# MATERIAL FOR THE TASK:

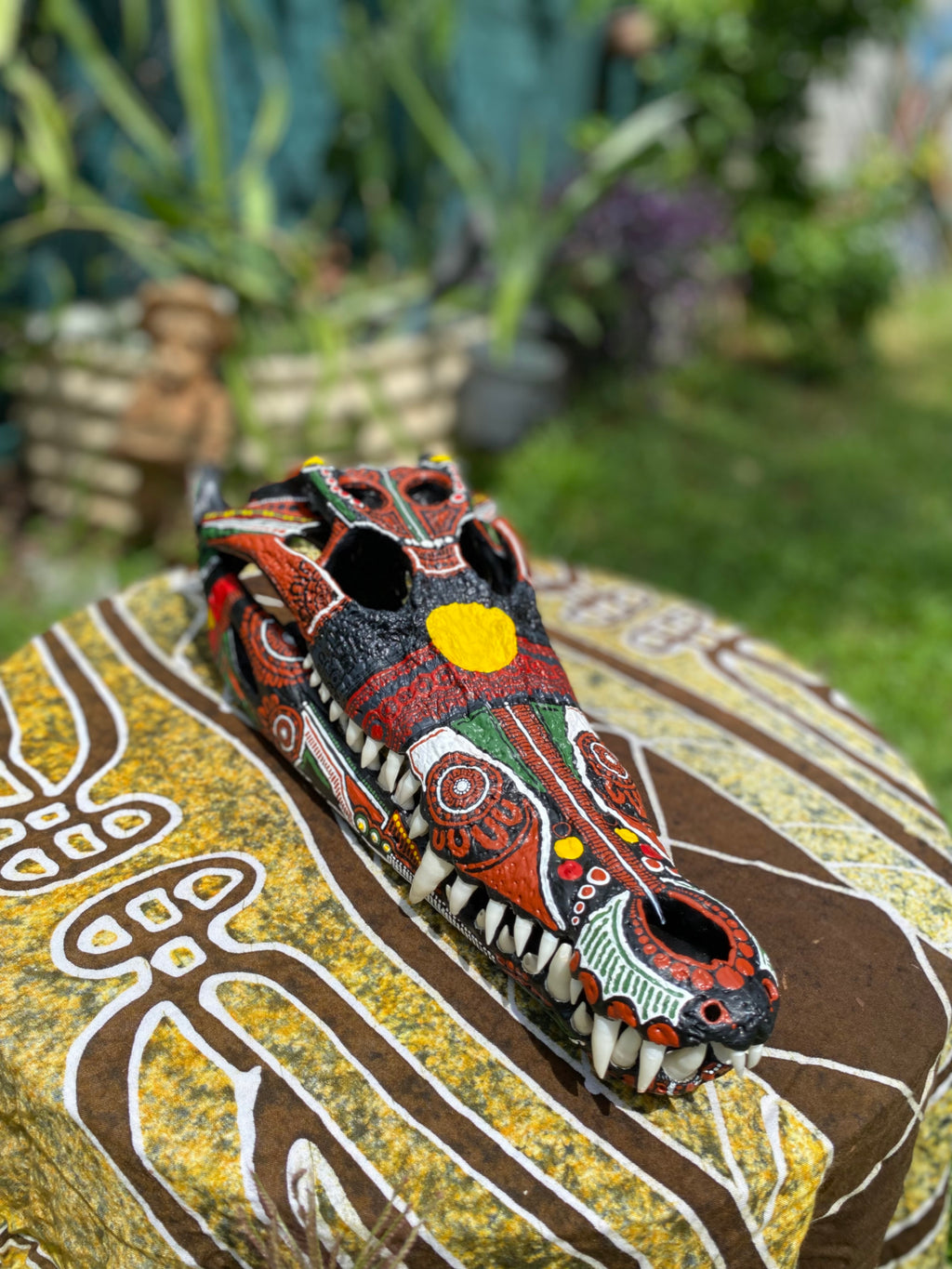 Commission Crocodile Skull; Aboriginal Flag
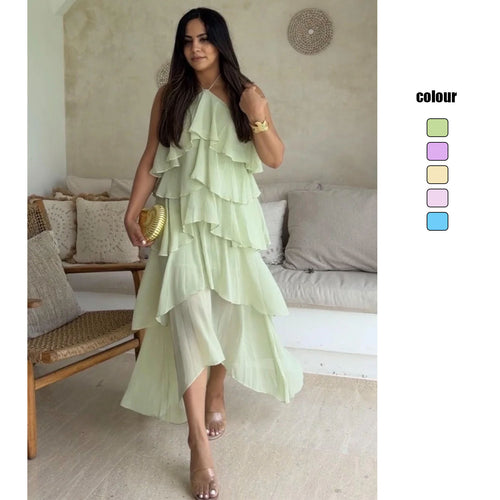Women Ruffled Maxi Dress with Asymmetric Design and Elegant Halter Top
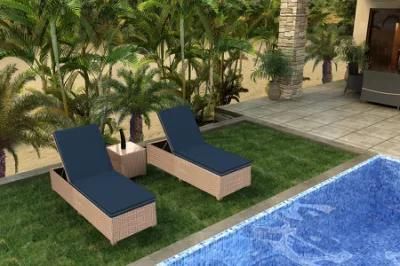 Well Furnir Rattan Sling Chaise Lounge Sofa, Pool Double Chaise Lounge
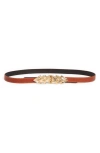 Raina Three Shells Leather Belt In Cognac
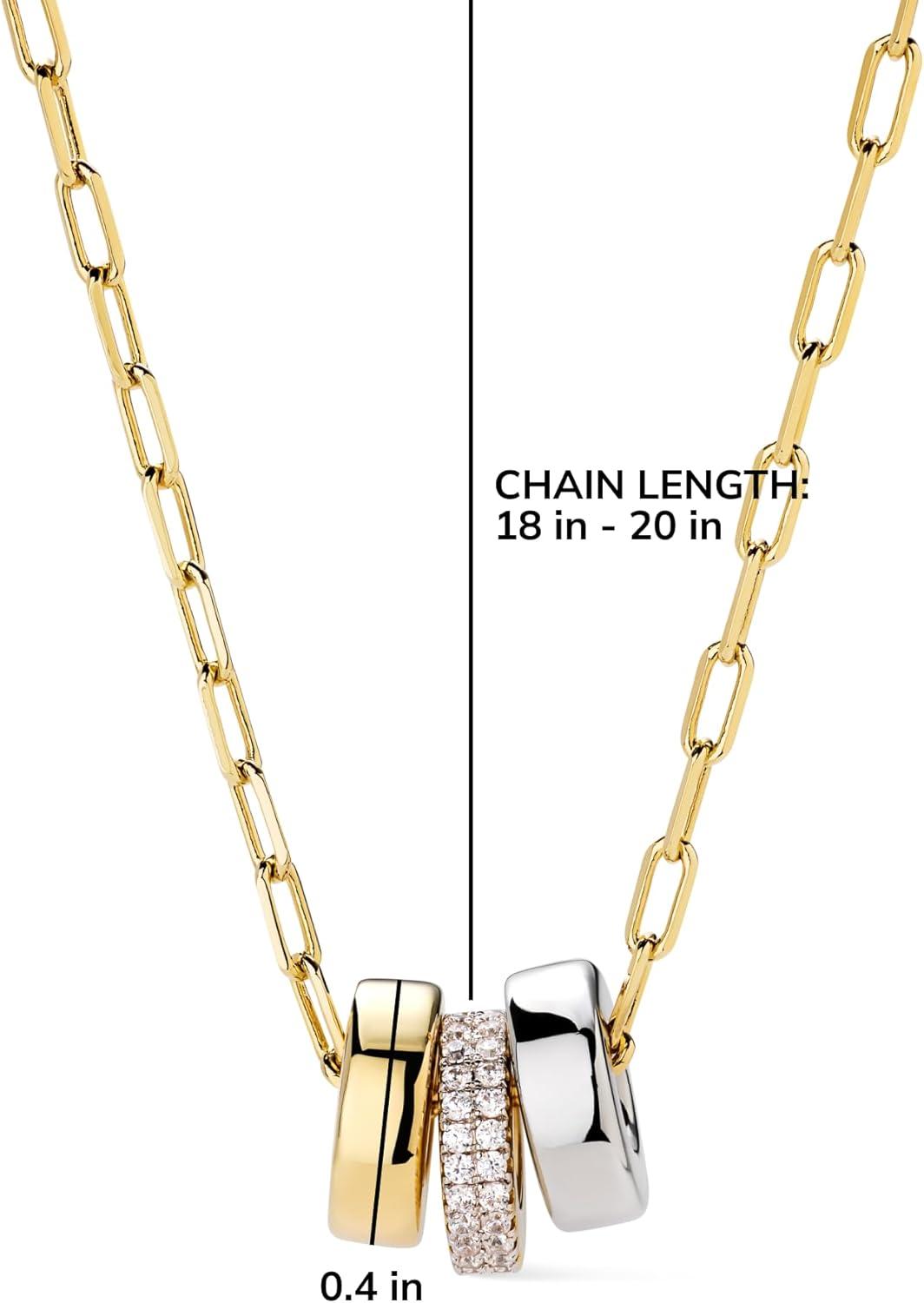 imageAna Luisa Pendant Necklaces for Women 14K Gold Plated and Silver Rhodium Necklace Pearl Heart Circle Moonstone Gemstone Knot Charm Styles Hypoallergenic Dainty Trendy Layering NecklacesTyler Charm Necklace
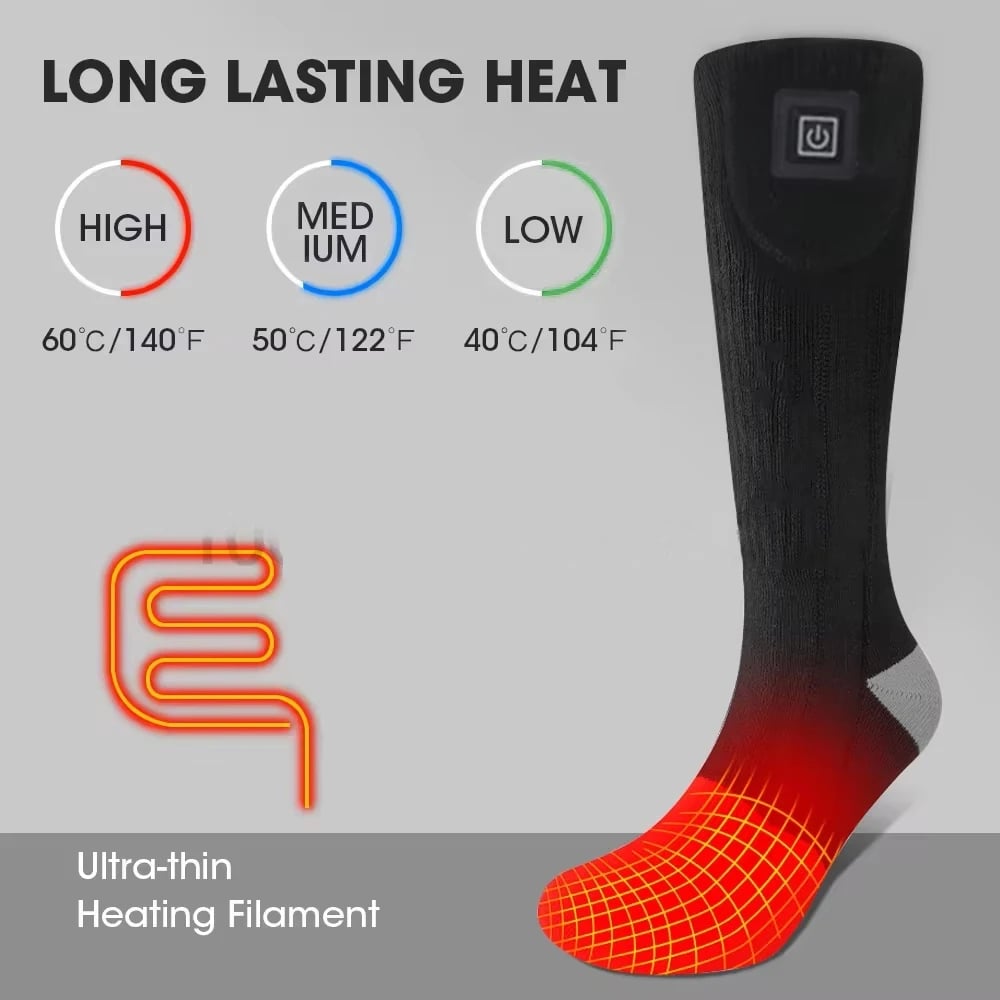 MSL 65°C Electric Heated Socks with Battery Case for Winter Warmth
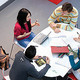 Students having a discussion around a table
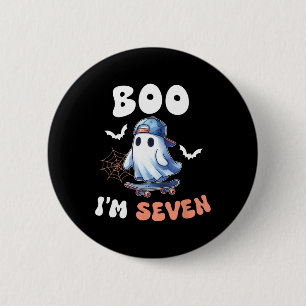 Boo I m Seven Ghost Skateboard 7. Geburtstagsschwe Button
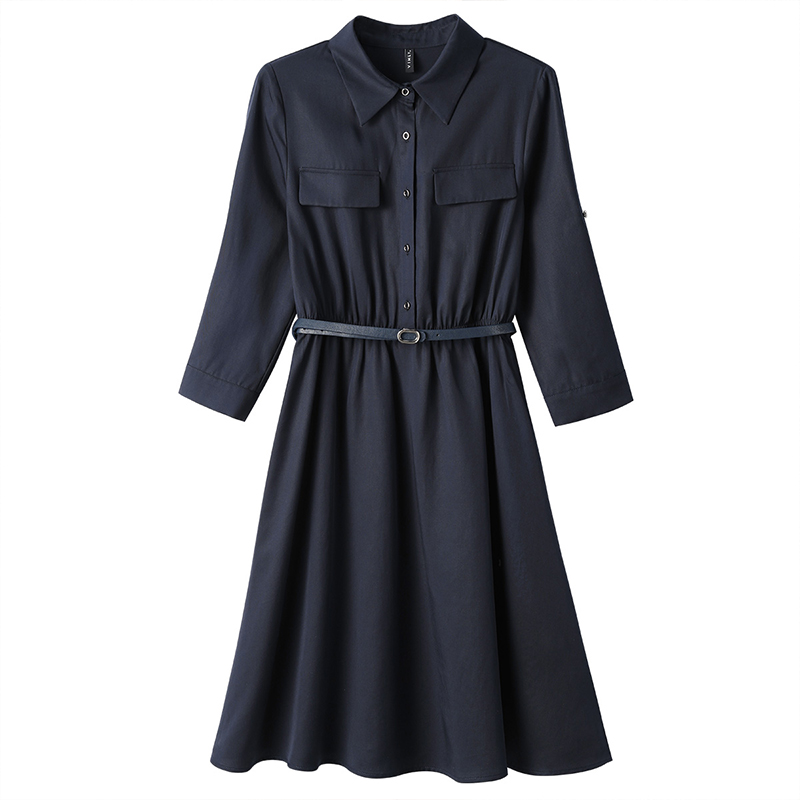 VIMLY Elegant Fashion Solid Belt Dresses Spring 2022 Long Sleeve Polo-neck Loose Tunic Pullover Midi Dress Female Clothing V1552 alx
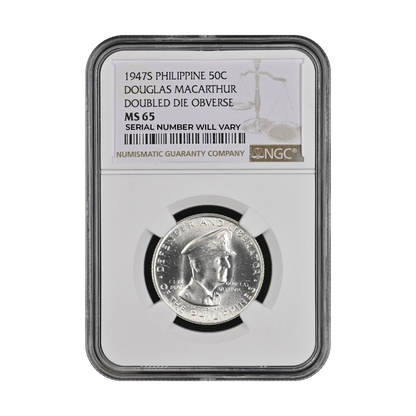 1947-S Philippine 50 Centavos Silver - Douglas MacArthur - NGC MS65 DDO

# PROBLEM STATEMENT:
Return exactly the line containing "Raina Three Shells Leather Belt In Cognac" and every line after it, up to and including the final line of the entries above. Pictures stay out.

# TASK RESULT:
 Raina Three Shells Leather Belt In Cognac
 imageAna Luisa Pendant Necklaces for Women 14K Gold Plated and Silver Rhodium Necklace Pearl Heart Circle Moonstone Gemstone Knot Charm Styles Hypoallergenic Dainty Trendy Layering NecklacesTyler Charm Necklace
 MSL 65°C Electric Heated Socks with Battery Case for Winter Warmth
 Students having a discussion around a table
 Boo I m Seven Ghost Skateboard 7. Geburtstagsschwe Button
 VIMLY Elegant Fashion Solid Belt Dresses Spring 2022 Long Sleeve Polo-neck Loose Tunic Pullover Midi Dress Female Clothing V1552 alx
 1947-S Philippine 50 Centavos Silver - Douglas MacArthur - NGC MS65 DDO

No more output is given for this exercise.